If you have professional aspirations, a desire to not end up digging ditches can be powerful motivation. You can impress your more ambitious students that that is what will happen to them if they don’t work harder. Hopefully you are around other drummers with whom you feel some constructively competitive instinct— a desire to not feel like a lame ass for not being able to play as well as them, or better.
Traditionally fear is the single motivational tool used at all levels of this activity— fear of getting yelled at by your drum teacher, fear of getting embarrassed in class. I’m not sure what is the goal of much of it. It can be effective for meeting some kind of short term performance goal. I’ve seen it used on some more talented student players developing ego problems— thinking they’re more accomplished than they are— to keep them focused on the job. Probably it’s useful for maintaining discipline within groups.

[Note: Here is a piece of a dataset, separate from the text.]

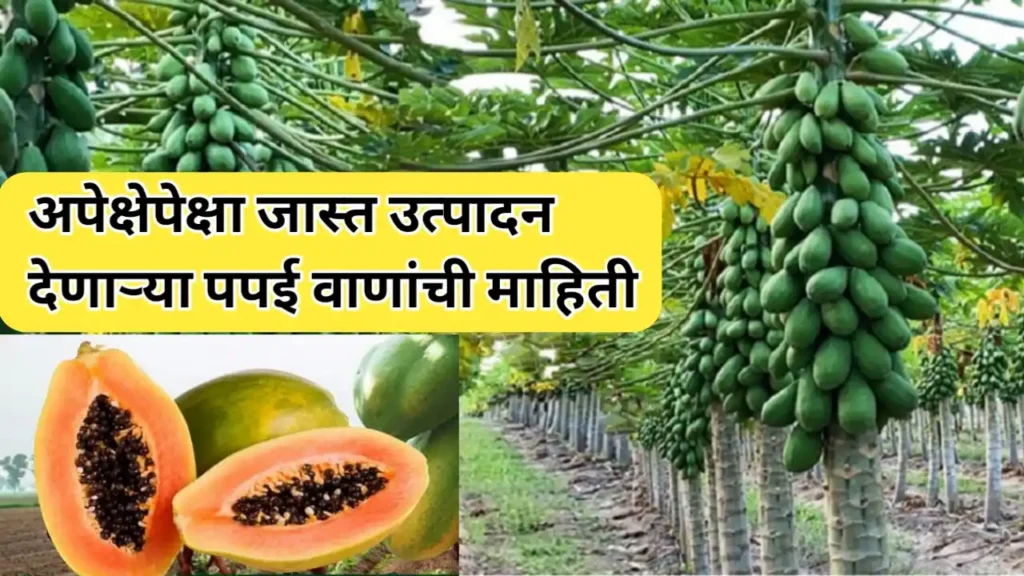 हे उत्कृष्ट पपई वाण देतील अपेक्षेपेक्षा जास्त उत्पादन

On an individual basis, I don’t think it’s to any great long term benefit. Your job is not to mold someone lukewarm about music into a career performer, or turn them off and drive them out of music altogether in the effort.
Ultimately none of the force methods work in the long term. Certainly they don’t make anyone happier. Look for natural motivation— that comes through love, interest, intellectual engagement, a natural desire to complete things started.